NAVIGATING UNCERTAINTY: THE ROLE OF FINANCIAL ACCESS IN POVERTY ALLEVIATION DURING ECONOMIC CRISES
Abstract
Abstract
Access to financial services has long been recognized as a vital tool in poverty alleviation and economic development. Using logistic regression analysis, the study investigates the impact of financial access, particularly access to loans, on various poverty indicators, with a focus on gender dynamics and urban-rural disparities during economic crises. The analysis reveals that access to loans significantly influences key poverty indicators, including personal income increase, obtaining loans for business ventures, and opening new businesses. While the overall impact is positive, gender-specific differences in the significance of financial access indicate the need for tailored approaches.
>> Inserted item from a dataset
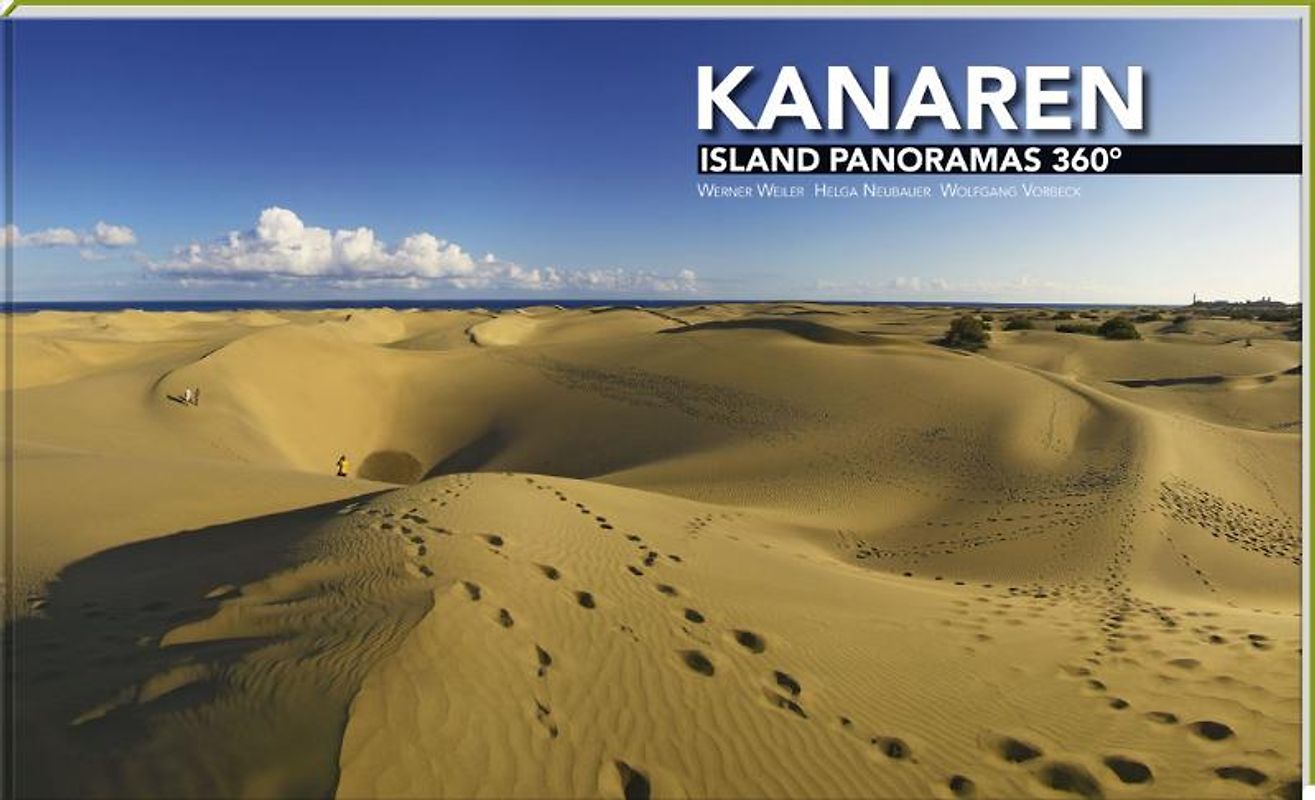 Kanaren Island Panoramas 360°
Women entrepreneurs, in particular, benefit significantly from access to loans, highlighting the importance of customized financial inclusion programs. Furthermore, the study finds that the impact of access to loans varies between urban and rural settings, with loans playing a more critical role in stimulating entrepreneurship and economic activity in rural areas. Policy implications from the analysis emphasize inclusive financial programs for both genders and addressing urban-rural gaps. Prioritizing initiatives to enhance women's credit access and rural entrepreneurship can unlock economic potential and promote inclusive growth.